• **Activity**
Copying rule for the data below: take the line containing "Used 2019 Lincoln" and every line after it to the end, exactly, and drop all pictures.

• **Dataset content**

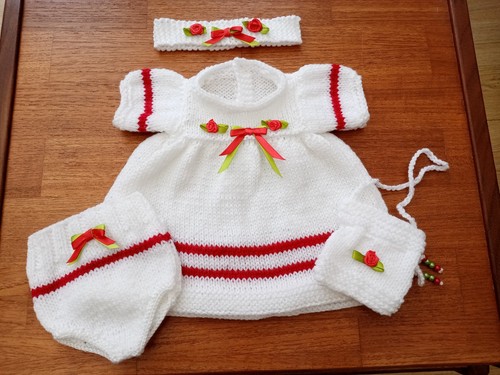 Hand knitted dolls - clothes, to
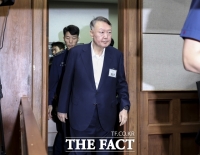  윤석열 '체포방해' 오늘 선고…계엄 후 첫 법원 결론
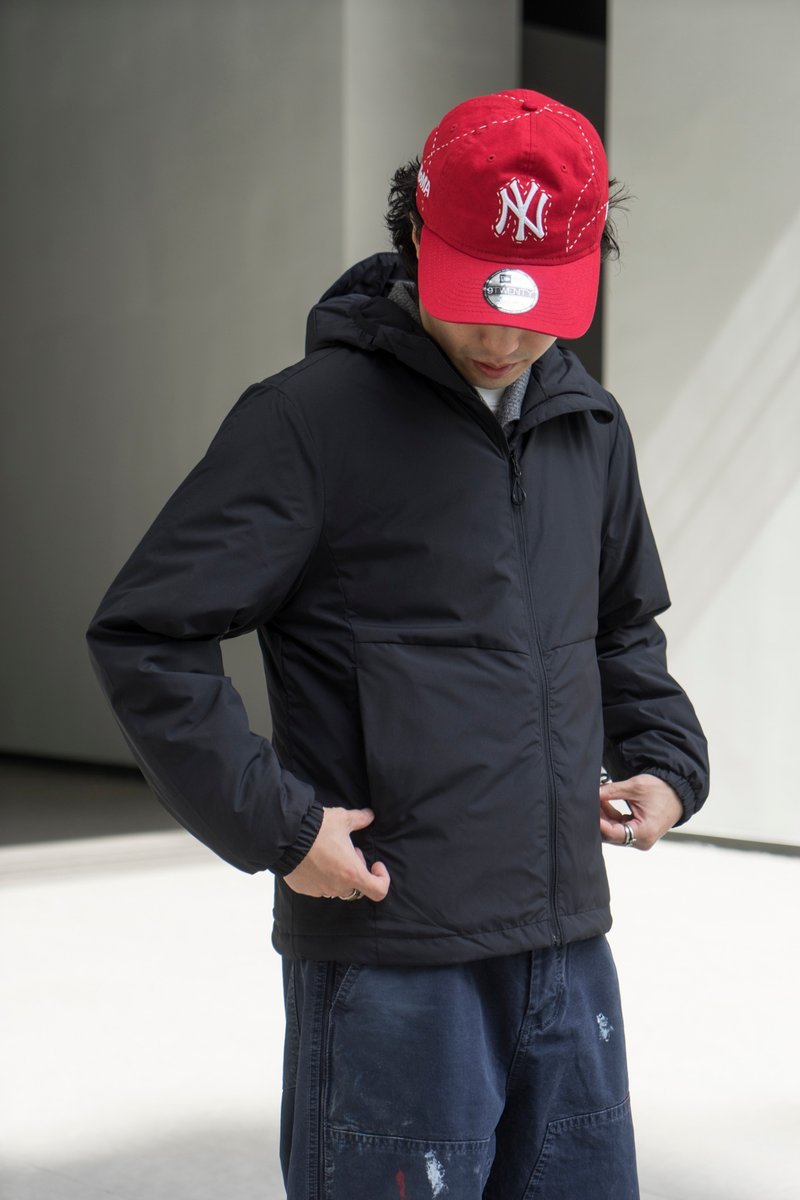 Padded Coat 冬季保暖外套 戶外風防潑水純色棉服黑色百搭基本款 - 男夾克/外套 - 棉．麻 黑色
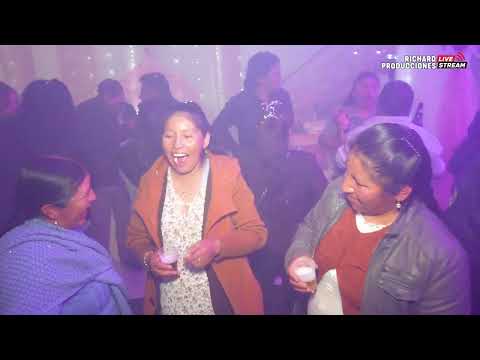 AGRUPACION LATIDOS en Vivo en los  15 Años Katherine y Emily //  Uyuni 16 de noviembre 2024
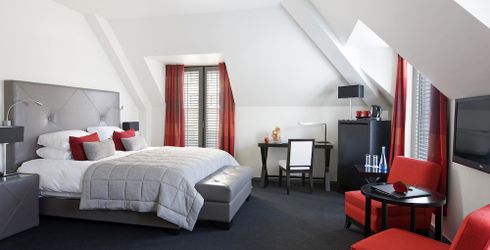 hotel room image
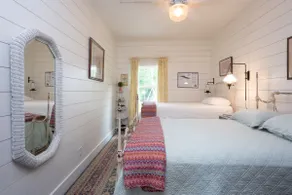 Cozy riverfront cottage on the South Holston River - Image 4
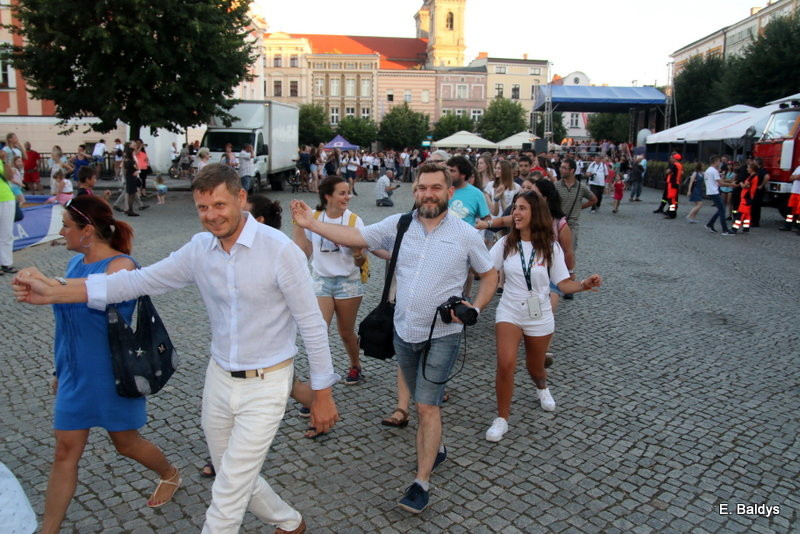 Rynek pełen radości. Z Hiszpanami (dużo zdjęć)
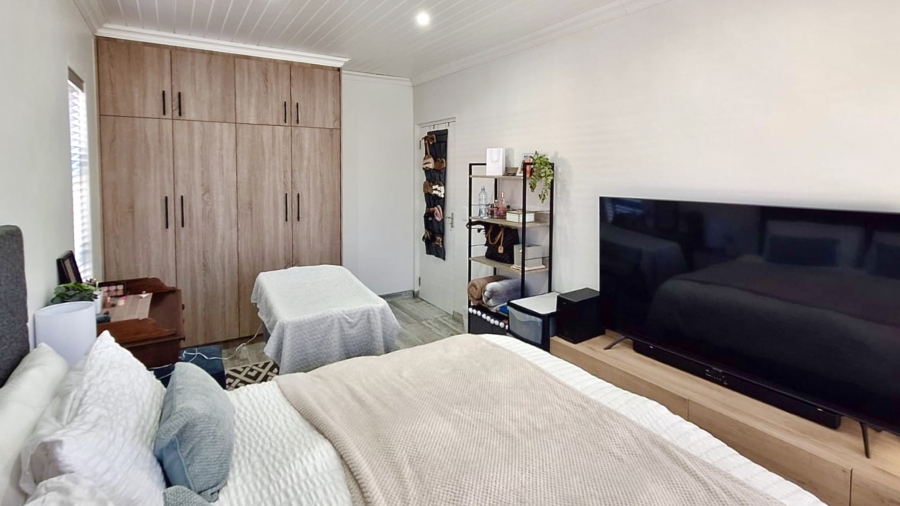 3 Bedroom Property for Sale in Port Owen Western Cape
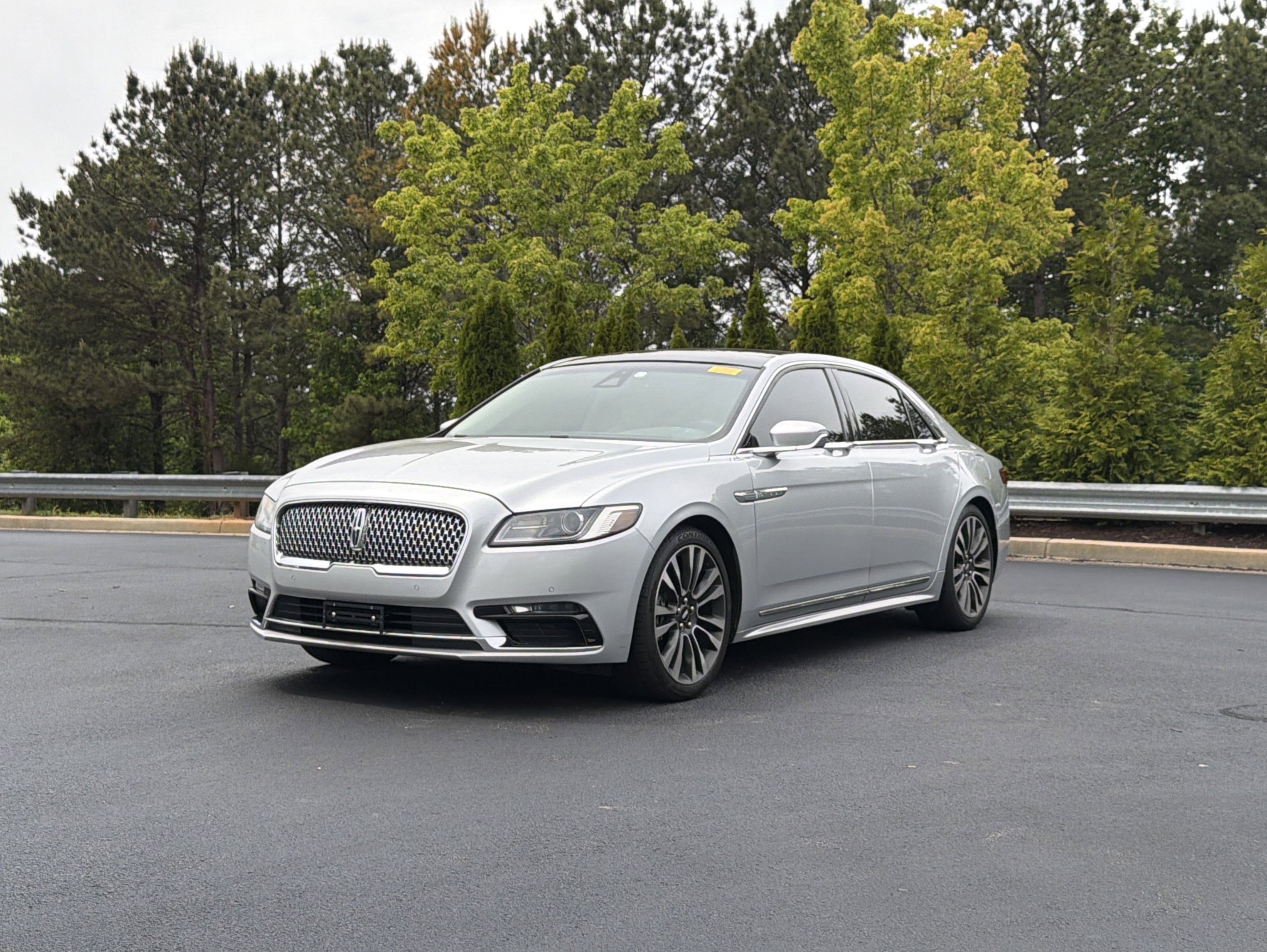 Used 2019 Lincoln Continental Select FWD image 11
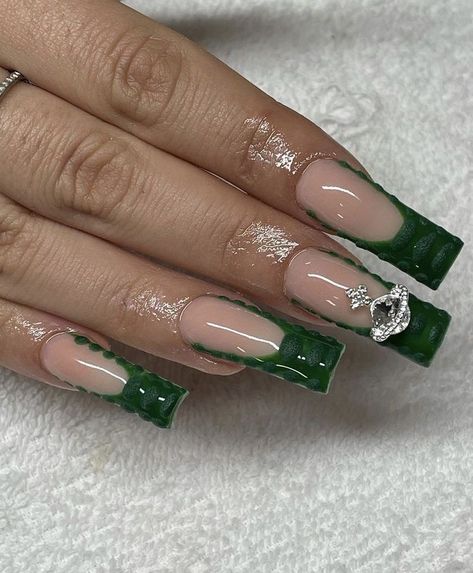 Nail Art Vert, Emerald Nails, Dark Green Nails, Quinceanera Nails, Gold Acrylic Nails, Green Acrylic Nails, Long Nail Art, Tapered Square Nails, Green Nail Designs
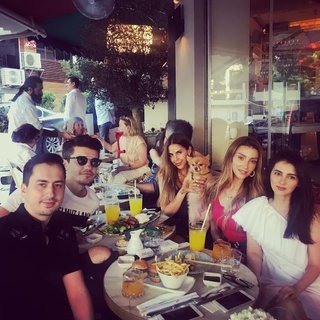 Özge Ulusoy'un o eski günlerinden eser yok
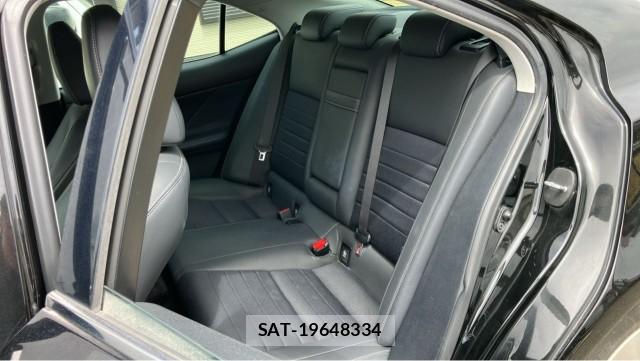 Lexus IS 2014-07 8855284-6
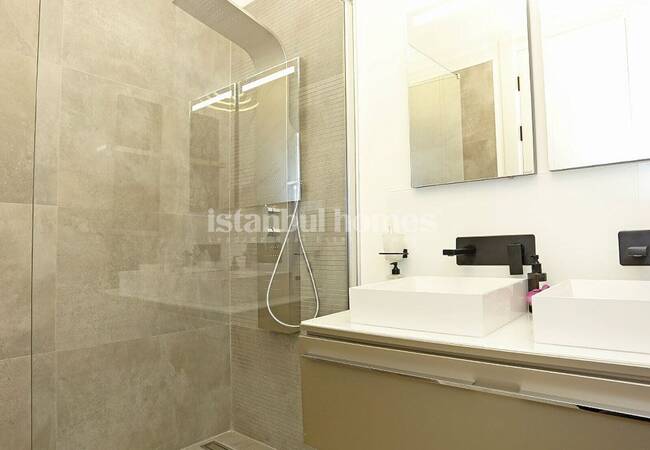 شقق في اسطنبول بالقرب من البحر في مجمع ساحلي رائع 25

• **Exercise solution**
 Used 2019 Lincoln Continental Select FWD image 11
 Nail Art Vert, Emerald Nails, Dark Green Nails, Quinceanera Nails, Gold Acrylic Nails, Green Acrylic Nails, Long Nail Art, Tapered Square Nails, Green Nail Designs
 Özge Ulusoy'un o eski günlerinden eser yok
 Lexus IS 2014-07 8855284-6
 شقق في اسطنبول بالقرب من البحر في مجمع ساحلي رائع 25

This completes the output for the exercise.